鳩山内閣が9月16日正式に発足した。スタンダード&プアーズは、16年ぶりの非自民党勢力による今回の政権交代が、短期的に日本のソブリン格付け(AA/安定的/A-1+)にプラスまたはマイナス影響を及ぼす可能性は低いとみている。ただし、新政権が予算のより効率的な配分を実施できない場合、将来的に国の予算を上回る財政赤字額の発生や財政赤字幅自体の拡大につながる可能性があると考える。

民主党は8月30日の総選挙で、1955年の結党以来、政権を維持してきた自民党からの政権交代を実現させた。それにより、衆議院で自民党が過半数議席を持つ一方、参議院では野党が過半数議席を持つ、という「ねじれ国会」が解消した。しかし民主党は衆議院で定数480議席のうち308議席の単独過半数の議席を確保した一方で、参議院の議席は、単独過半数に達していないため、社民党や国民新党との連立で、新政権をスタートさせた。

すでに、新閣僚が就任会見で、総選挙で掲げたマニフェスト(政権公約)に沿った政策を相次いで表明しているように、鳩山政権は多くの政策変更を打ち出すものとみられる。日本のソブリン格付けの観点からは、財政・経済政策が最も重要となる。一般的に、民主党の政策は、自民党に比べて富の分配や福祉問題により重点を置いている。例えば、民主党は「子ども手当て」の支給、公立高校の授業料の無償化、高速道路の無料化を2010年度から実施することを公約している。民主党は総選挙前に、財政赤字を拡大させることなく、これらの政策を実施するための必要な財源についての概要を提示した。
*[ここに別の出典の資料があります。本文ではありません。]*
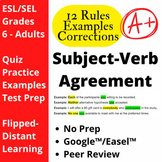Subject Verb Agreement Flipped Lesson Assessment Practice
仮に、新政権が政治主導で予算配分を行い、財政資金を効率的に活用できれば、ソブリン格付けにはプラス要因となるだろう。しかし、選挙公約の実施により増大する財政圧力を緩和するための支出削減や予算再配分の方法は、具体性に欠けている。このため、スタンダード&プアーズは、民主党の公約の実施が、国の予算を上回る財政赤字額の発生や財政赤字幅自体の拡大につながるリスクがあると考える。